Why the Descheduler Exists
The Kubernetes scheduler makes placement decisions at pod creation time. Once placed, it never revisits. This causes a well-known cluster drift problem over time.
📈 Node Drift
Nodes added later to the cluster are underutilised — the scheduler filled older nodes first and new pods may still prefer them.
🔥 Memory Pressure
One node silently fills up with pods while others are idle. OOMKill events and throttling start appearing on the busy node.
💀 Constraint Violations
After node taints, affinity rules, or topology constraints are added, existing pods may violate them — but they're never moved.
🔁 Restart Loops
CrashLooping pods stay on a bad node forever. The descheduler can evict them so they land on a healthier node.
topologySpreadConstraints. Spread constraints prevent bad placement at creation time. The Descheduler fixes bad placement that already happened. Together they give you complete, continuous cluster balance. See the topologySpreadConstraints guide for the other half of this setup.
Core Concepts
🔁 Eviction
The descheduler doesn't move pods directly. It evicts them (graceful delete), and the scheduler re-places them on a better node.
📋 Profiles
A named set of plugins that define what to check and evict. You can have multiple profiles with different policies.
🔌 Plugins
Individual rules — e.g. LowNodeUtilization, RemoveDuplicates. Each plugin checks one specific condition and evicts pods that violate it.
🛡️ DefaultEvictor
A mandatory plugin that guards which pods are evictable — it prevents evicting system-critical pods, DaemonSets, or pods with local storage.
Two Plugin Types
| Type | What It Does | Example Plugins |
|---|---|---|
| balance | Evicts to redistribute pods more evenly across nodes | LowNodeUtilization, RemoveDuplicates |
| deschedule | Evicts pods violating constraints or cluster rules | RemovePodsViolatingNodeTaints, RemovePodsViolatingInterPodAntiAffinity |
Prerequisites
- Kubernetes 1.19+ — Descheduler v0.30+ requires at least Kubernetes 1.26 for full feature support
- Helm 3 — used for installation in this guide; see note below for other methods
- kubectl — configured with cluster admin access to edit ConfigMaps in
kube-system - Multiple worker nodes — rebalancing has no effect on single-node clusters
- PodDisruptionBudgets set — recommended for production so evictions are graceful
kubernetes-sigs.github.io/descheduler.
Install via Helm
The simplest and most reliable install method is via the official Descheduler Helm chart. This also makes configuration upgrades straightforward later.
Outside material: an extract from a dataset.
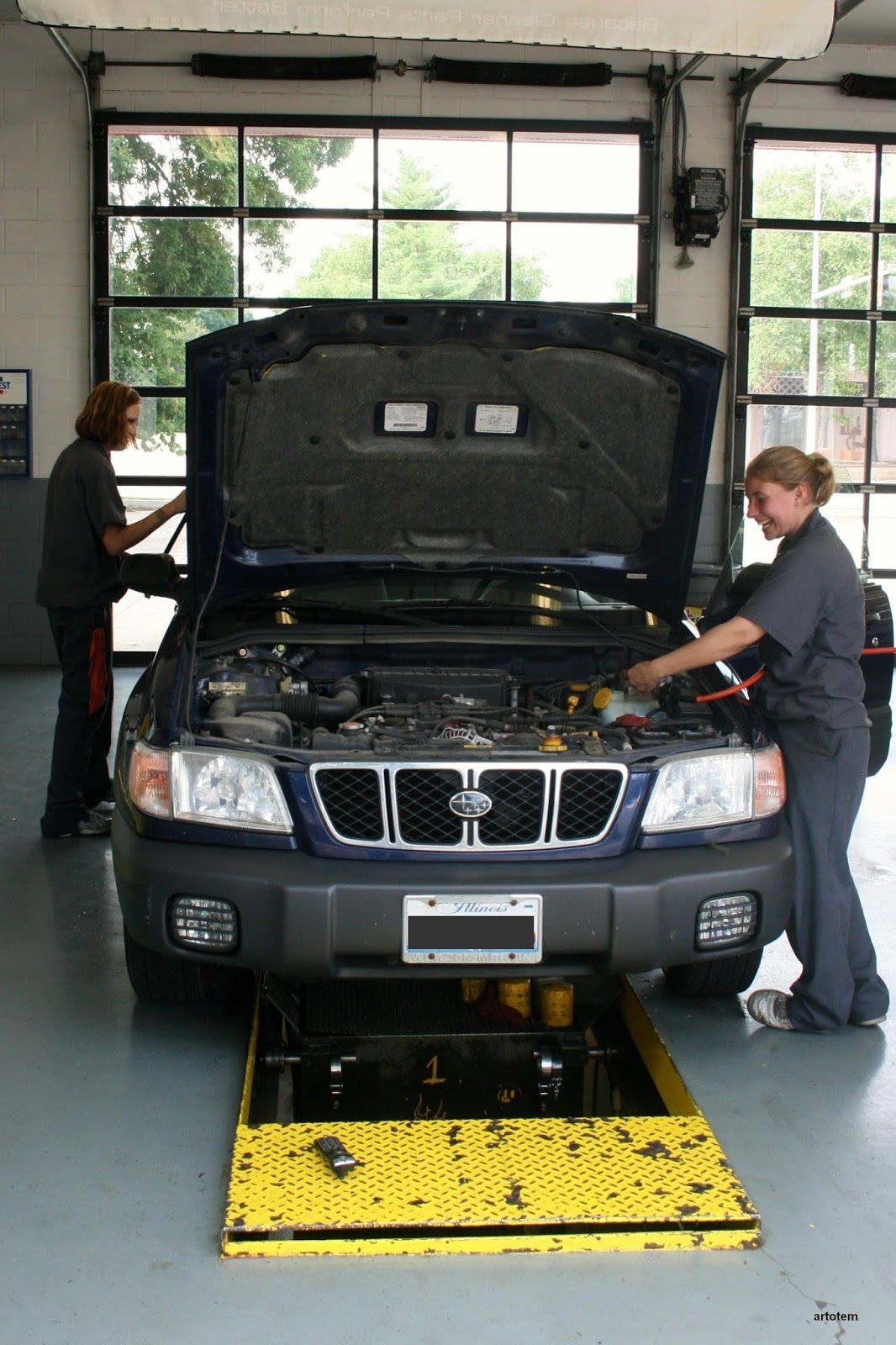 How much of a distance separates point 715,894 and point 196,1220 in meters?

Add the Descheduler Helm Repository
helm repo add descheduler https://kubernetes-sigs.github.io/descheduler/
helm repo update
Install into kube-system Namespace
Installing in kube-system is conventional since the descheduler is a cluster-level component. You can install it in any namespace — just keep the -n flag consistent in all future commands.
helm install my-release \
--namespace kube-system \
descheduler/descheduler
kube-system is used here because the descheduler needs cluster-wide visibility. You can use a dedicated namespace like descheduler if your org prefers separation — just ensure the ServiceAccount has the correct ClusterRole bindings.
Verify the Installation
# Check descheduler pod is Running:
kubectl get pods -n kube-system | grep descheduler
# See all resources created by the Helm release:
kubectl get all -n kube-system -l app.kubernetes.io/name=descheduler
# Confirm ConfigMap was created:
kubectl get configmap -n kube-system | grep descheduler
my-release-descheduler-XXXXX with status Running, and a ConfigMap named my-release-descheduler. The descheduler runs as a Deployment by default (polling mode — runs every 5 minutes).
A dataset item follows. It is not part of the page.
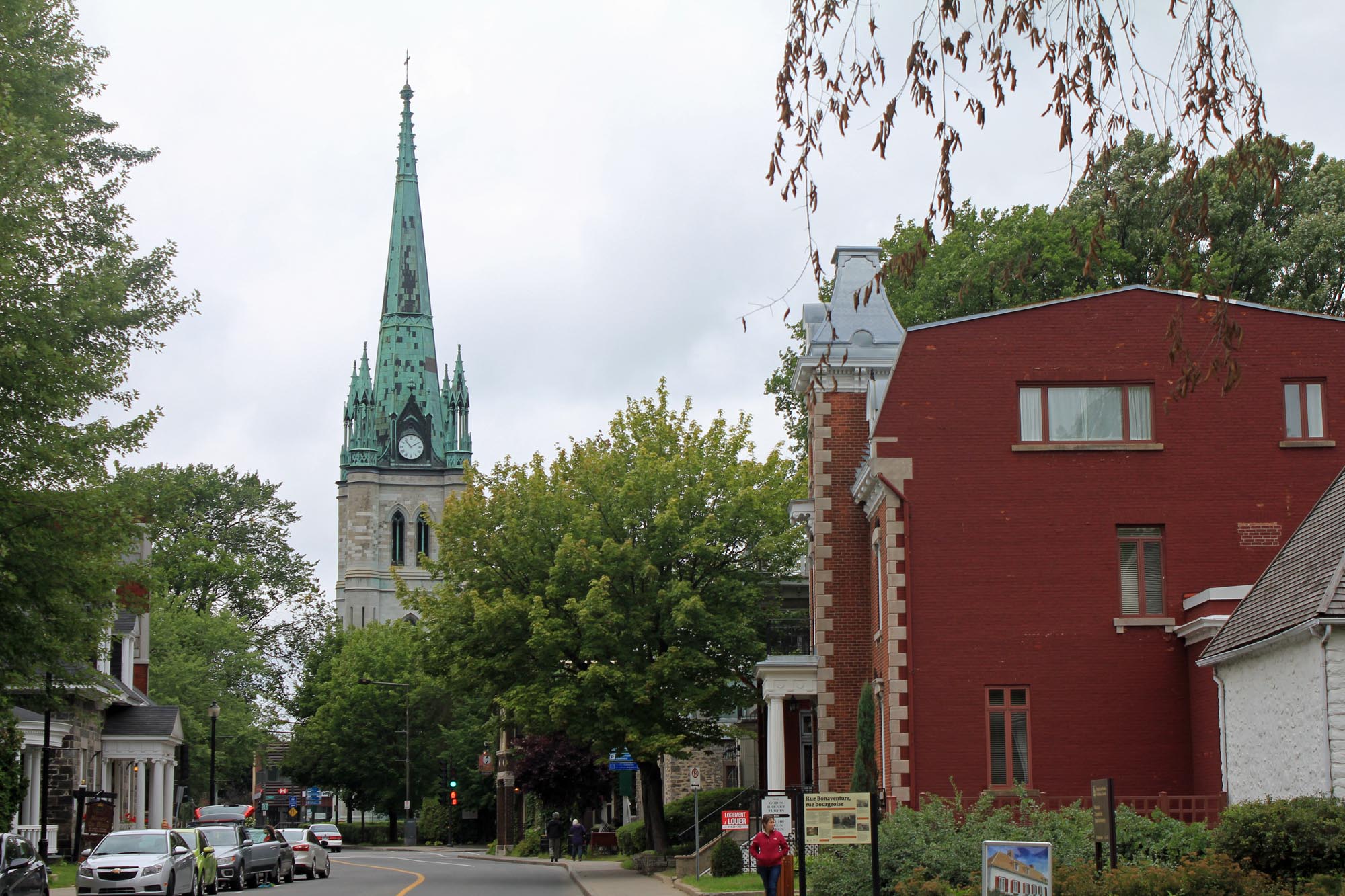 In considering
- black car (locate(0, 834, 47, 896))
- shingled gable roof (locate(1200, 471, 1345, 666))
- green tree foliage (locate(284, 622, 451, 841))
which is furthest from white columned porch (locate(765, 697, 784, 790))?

View the Default ConfigMap
After installation, a ConfigMap is created with the default policy. This is what runs out of the box — before you make any changes.
kubectl -n kube-system edit configmap my-release-descheduler
apiVersion: v1
data:
policy.yaml: |
apiVersion: "descheduler/v1alpha2"
kind: "DeschedulerPolicy"
profiles:
- name: default
pluginConfig:
- args:
podProtections:
defaultDisabled:
- PodsWithLocalStorage
extraEnabled:
- PodsWithPVC
name: DefaultEvictor
- name: RemoveDuplicates
- args:
includingInitContainers: true
podRestartThreshold: 100
name: RemovePodsHavingTooManyRestarts
- args:
nodeAffinityType:
- requiredDuringSchedulingIgnoredDuringExecution
name: RemovePodsViolatingNodeAffinity
- name: RemovePodsViolatingNodeTaints
- name: RemovePodsViolatingInterPodAntiAffinity
- name: RemovePodsViolatingTopologySpreadConstraint
- args:
targetThresholds:
cpu: 50
memory: 50
pods: 50
thresholds:
cpu: 20
memory: 20
pods: 20
name: LowNodeUtilization
plugins:
balance:
enabled:
- RemoveDuplicates
- RemovePodsViolatingTopologySpreadConstraint
- LowNodeUtilization
deschedule:
enabled:
- RemovePodsHavingTooManyRestarts
- RemovePodsViolatingNodeTaints
- RemovePodsViolatingNodeAffinity
- RemovePodsViolatingInterPodAntiAffinity
kind: ConfigMap
metadata:
name: my-release-descheduler
namespace: kube-system
What the Default Config Does
The default config is conservative by design. It uses very low thresholds (20%) to trigger eviction, meaning a node has to be nearly empty before pods are moved away from a busy one. For most real clusters with memory pressure, this is insufficient.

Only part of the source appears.